Eine nicht alltägliche Kombination, aber zumindest auf der Hafeninsel von Stralsund auf Anhieb erfolgreich: ein seriöses, angenehmes Stadthotel, vernetzt mit einer "Hafenkneipe", die ebenso heißt. Hier die neue Herberge mit Weitblick aus den oberen Geschossen, einerseits auf die Türme der alten Hansestadt, andererseits aufs Wasser, den Hafen und die spektakulär geschwungene Rügenbrücke, die das Panoramabild nach Osten hin abrundet.

Dort die "Kneipe" mit Historie, kräftig auf die Themen Seefahrt und Fischerei dekoriert und zusätzlich mit Ringelnatz-Zeichnungen an den Fenstern und auf der Speisekarte geschmückt. In Wahrheit ist die "Hafenkneipe" im renovierten Giebelhaus von 1889 heute ein sehr gemütliches, braves und bürgerliches Restaurant.

Aber was hat Joachim Ringelnatz, der wunderbare Sprachfantast, Poet, Maler und Seemann, damit zu tun?
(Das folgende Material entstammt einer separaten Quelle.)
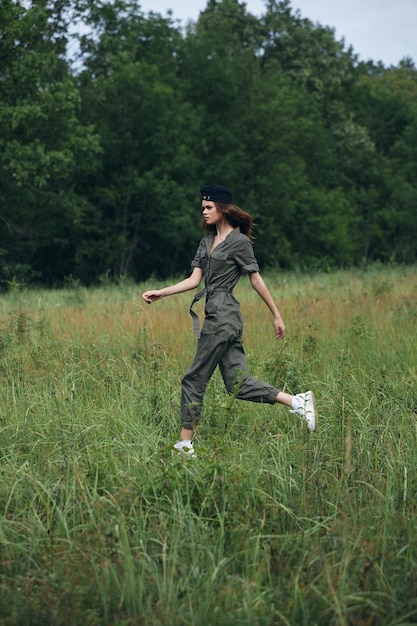 Mujer en el campo corre sobre la hierba en un mono verde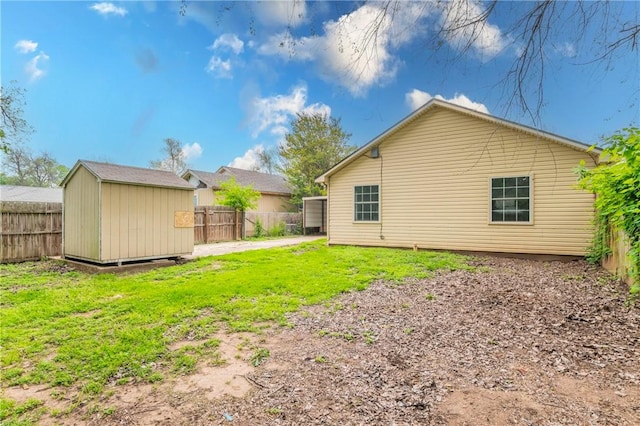 rear view of house with a yard and a storage shed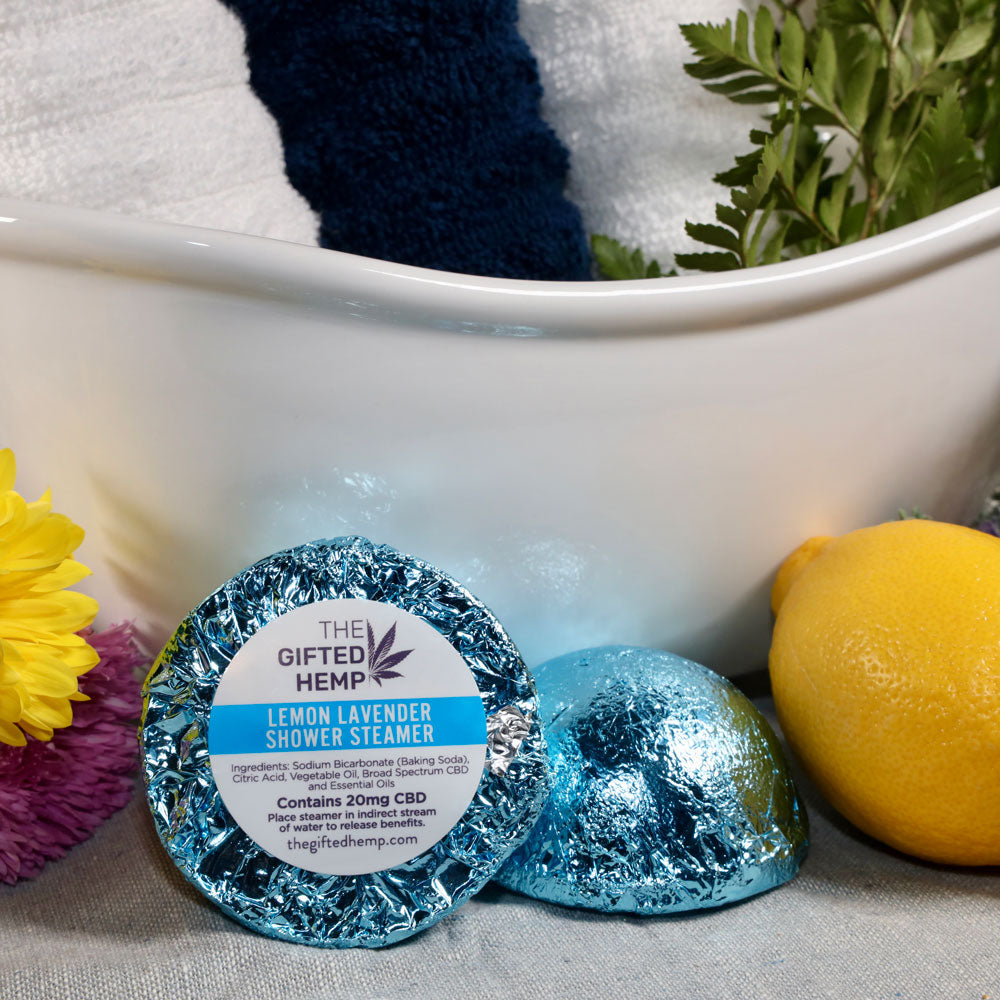 Two Lemon Lavender Shower Steamers from The Gifted Hemp, placed in front of a bath setup with a towel, lemons, and flowers, wrapped in light blue foil.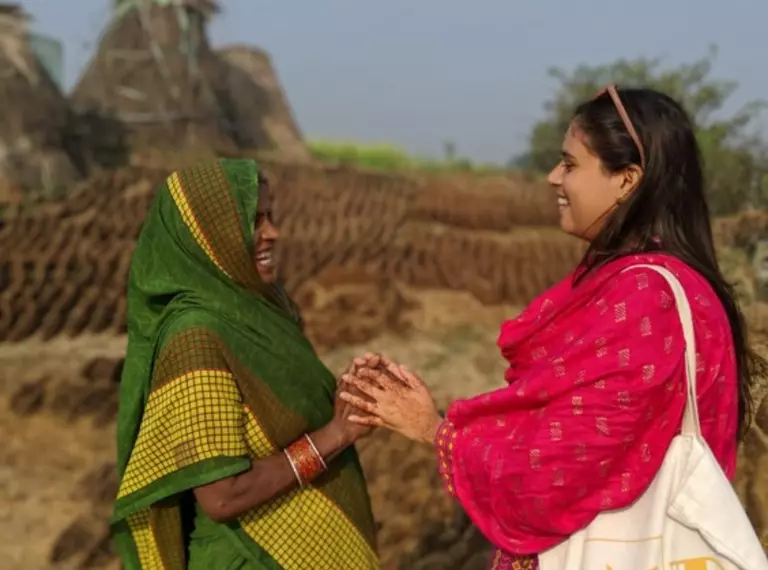 Conservationist Surshti Patel speaking with woman as part of work in community-led conservation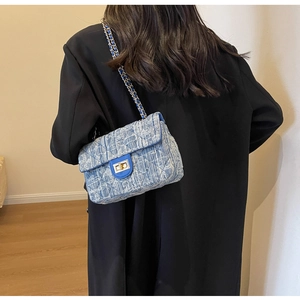 Close-up of blue tweed texture with gold metal twist lock and chain strap detail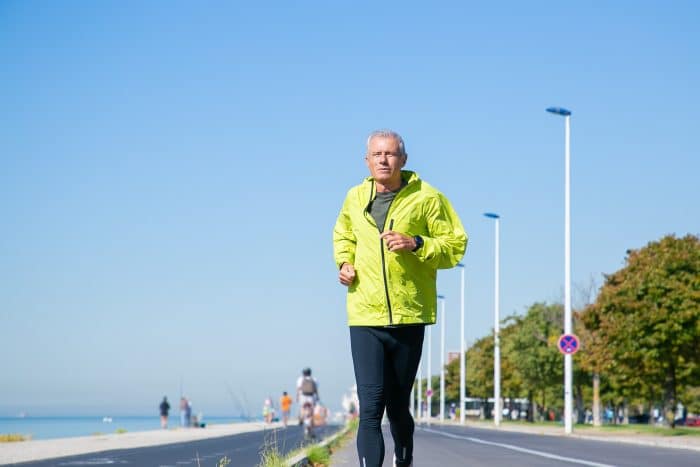 A senior jogging and training for a marathon.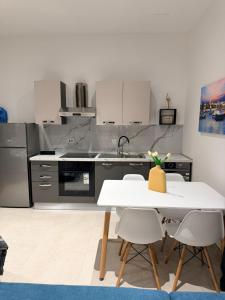 a kitchen with stainless steel appliances and a white table at The White Balcony in Il-Gżira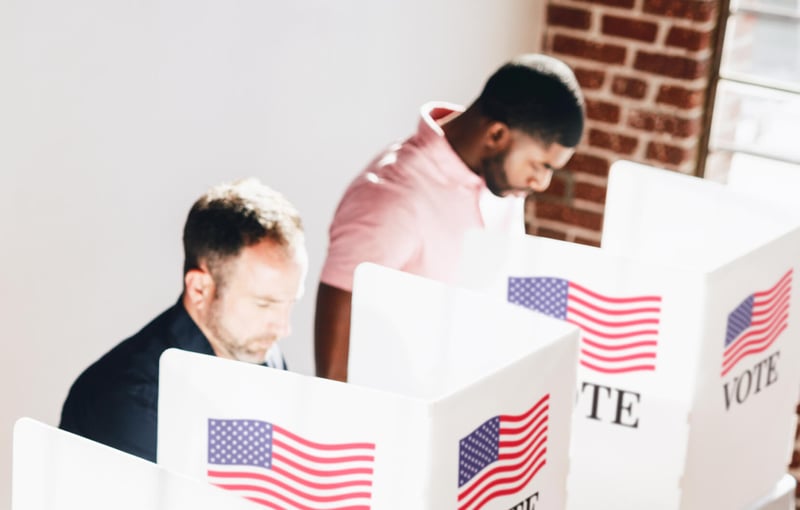 Two people at voting booths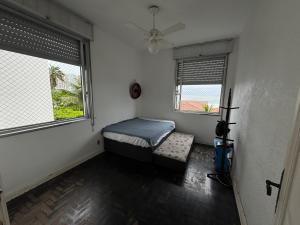 a room with a bed and two windows at Apartamento em frente ao mar in Guarujá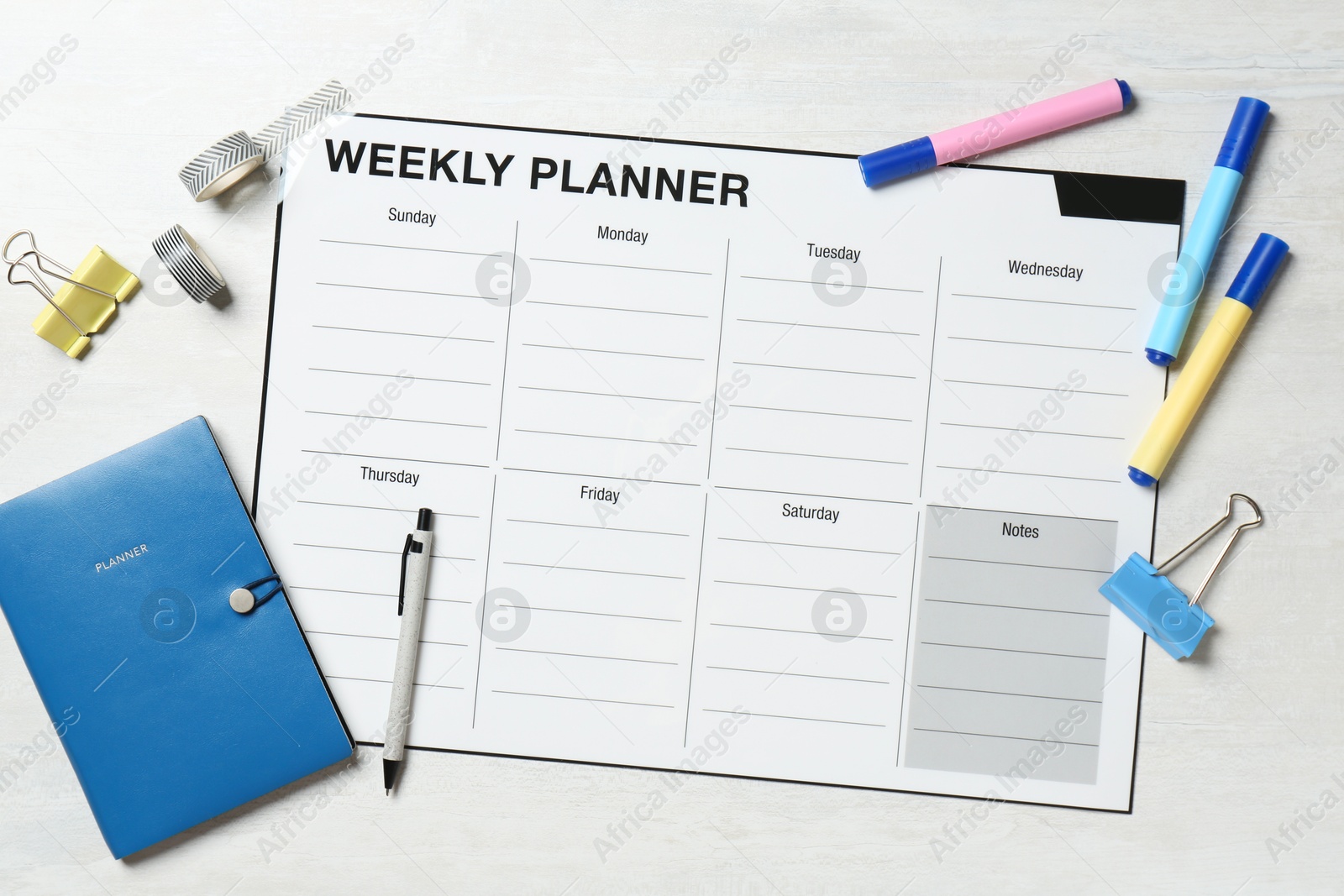 Photo of Timetable. Weekly planner and stationery on white wooden table, flat lay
Die alten Stralsunder kennen Haus und Kneipe noch unter dem früheren Namen "Kuttel Daddeldu". Und das war ja nun mal Ringelnatz' bekannteste Figur (neben dem Seepferdchen "Ringelnass", das im Hotel "Hiddenseer" und nebenan im Lokal auch seine Spuren hinterlassen hat).

"Moin, moin", ein nettes Lächeln, ein paar freundliche Erklärungen, und schon reicht Hannelore Nilson, die gute Seele des Hauses, dem Gast die Schlüssel. Zum Beispiel für das Zimmer mit der Nummer 13 (!), das Studio ganz oben, das auch "Penthouse" genannt wird. Es ist ein nahezu komplett verglaster Aufbau über den drei Stockwerken, eine schmale Treppe führt dorthin. Fahrstuhl? Fehlanzeige - das Haus hat nur 176 Quadratmeter. Dafür aber, zumindest vom Studio und den Zimmern in den oberen Stockwerken aus, einen Traumblick: nach vorn übers Wasser, nach hinten auf die Stadt.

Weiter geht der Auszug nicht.